§ Given data:
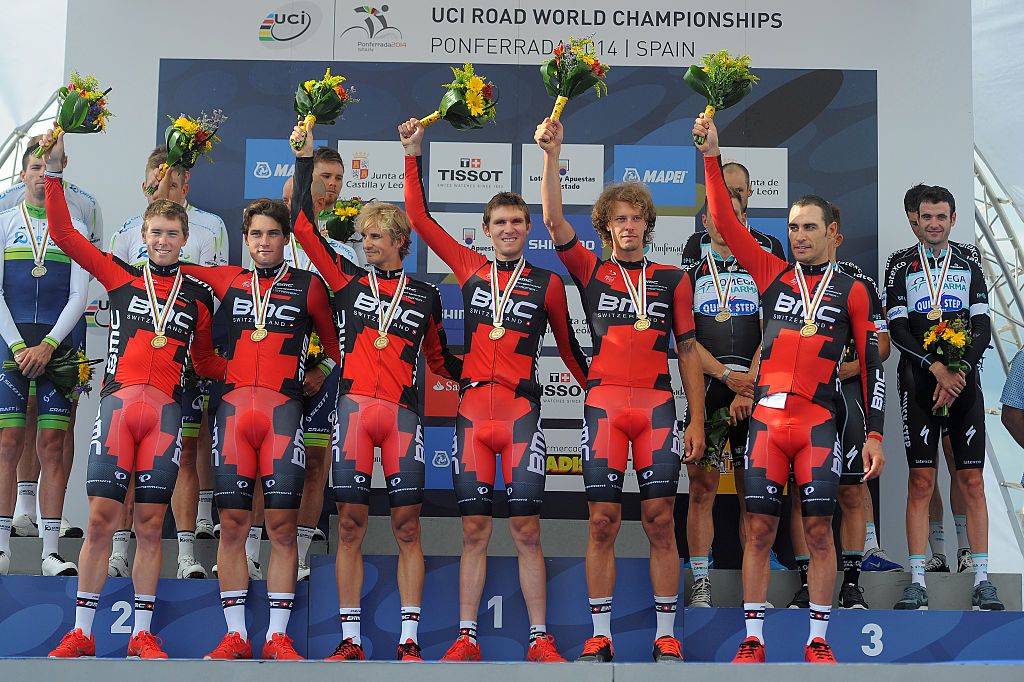 Cycling: Road World Championships 2014 / TTT Men Elite
Podium / BMC Racing Team (Usa) Gold Medal QRohan DENNIS (Aus)/ Silvan DELLIER (Sui)/ Daniel OSS (Ita)/ Manuel QUINZIATO (Ita)/ Tejay VAN GARDEREN (Usa)/ Peter VELITS (Svk)/ Celebration Joie Vreugde /
Ponferrada - Ponferrada (57Km)/
Team Time Trial Contre la Montre Equipes Ploegentijdrit / Hommes Mannen WC Championat du Monde Wereldkampioenschap UCI /(c)Tim De Waele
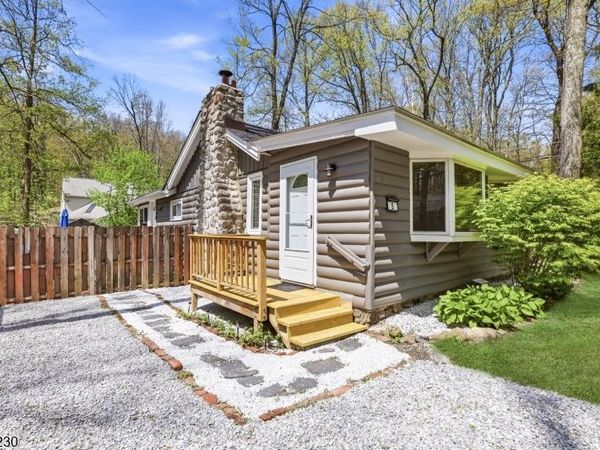 5 Sanoset Rd, Vernon, NJ 07422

§ What needs to be done: Repeat the listing above word for word and leave its images out.

§ Result of the task:
 Cycling: Road World Championships 2014 / TTT Men Elite
Podium / BMC Racing Team (Usa) Gold Medal QRohan DENNIS (Aus)/ Silvan DELLIER (Sui)/ Daniel OSS (Ita)/ Manuel QUINZIATO (Ita)/ Tejay VAN GARDEREN (Usa)/ Peter VELITS (Svk)/ Celebration Joie Vreugde /
Ponferrada - Ponferrada (57Km)/
Team Time Trial Contre la Montre Equipes Ploegentijdrit / Hommes Mannen WC Championat du Monde Wereldkampioenschap UCI /(c)Tim De Waele
 5 Sanoset Rd, Vernon, NJ 07422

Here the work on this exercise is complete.